Will you output the entries below exactly, skipping every image they contain?

——

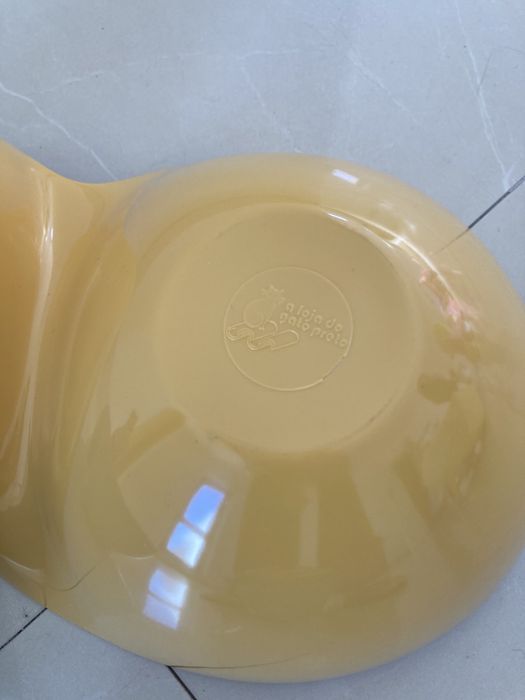 Conjunto duas taças para aperitivos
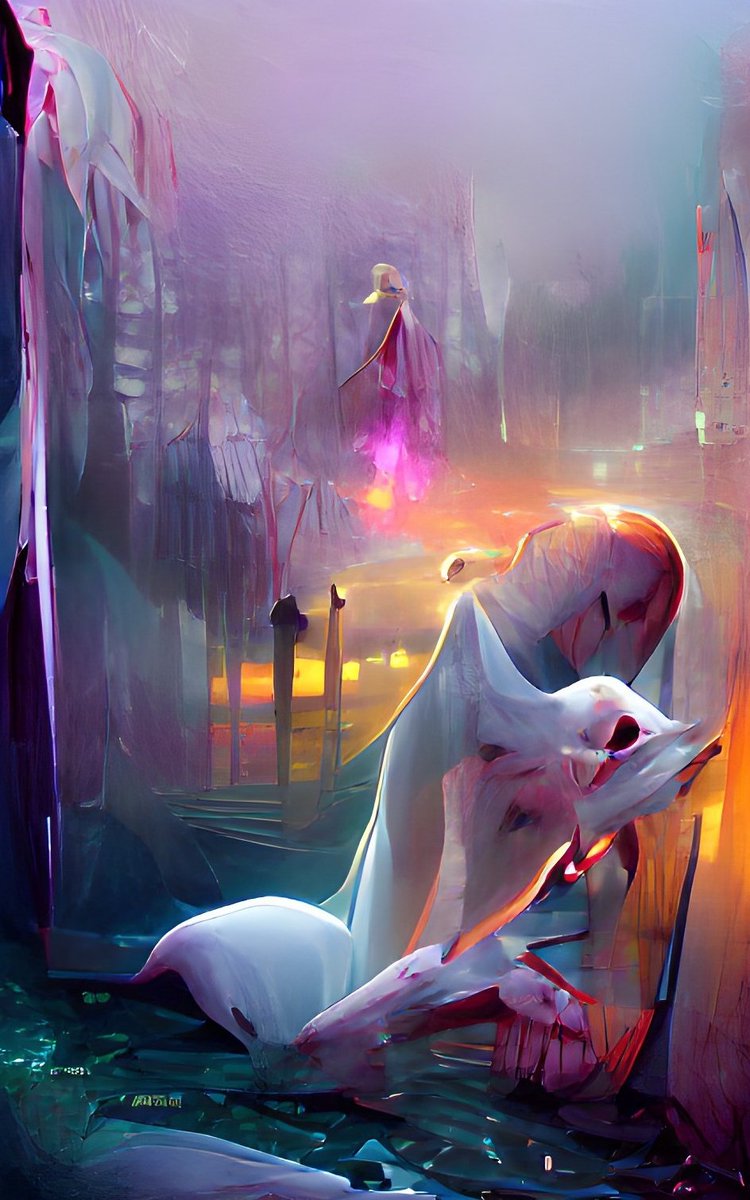 _yzllowbee's tweet photo. thin white lies  -  lonely heart https://t.co/5OhCLE11ul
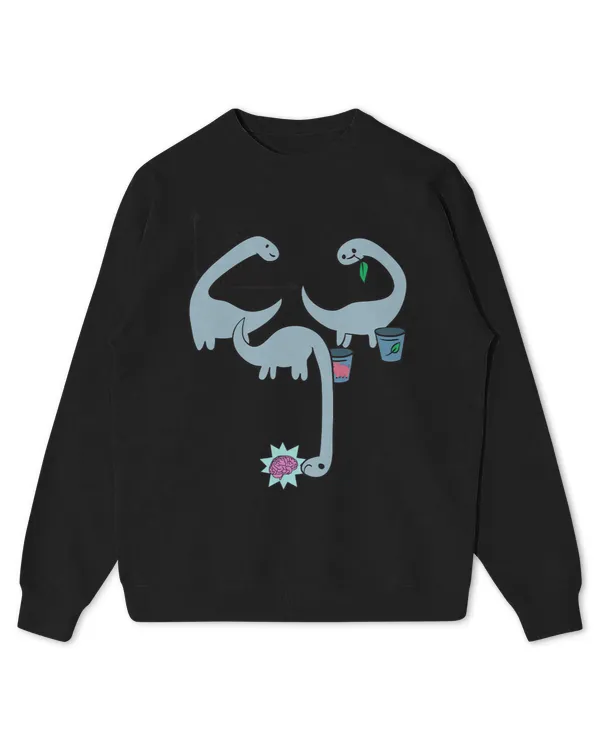 Kids Standard Sweatshirt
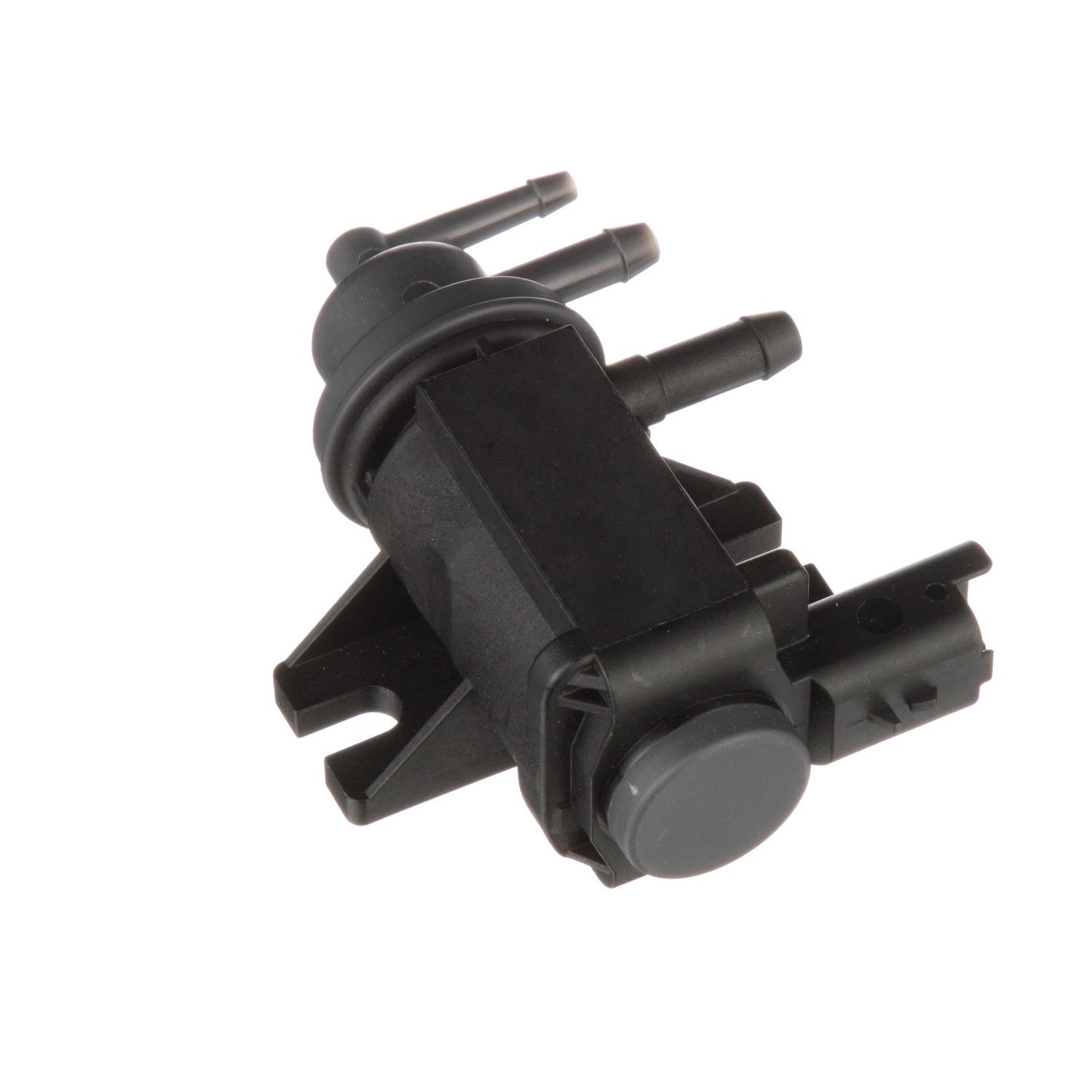 BWD EGR3250 - EGR Valve Control Solenoid BWD EGR3250 EGR Valve Control Solenoid product image 4 of 7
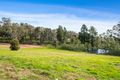 Property photo of 643 Diffey Road Everton VIC 3678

——

> [Solution for this problem]:
 Conjunto duas taças para aperitivos
 _yzllowbee's tweet photo. thin white lies  -  lonely heart https://t.co/5OhCLE11ul
 Kids Standard Sweatshirt
 BWD EGR3250 - EGR Valve Control Solenoid BWD EGR3250 EGR Valve Control Solenoid product image 4 of 7
 Property photo of 643 Diffey Road Everton VIC 3678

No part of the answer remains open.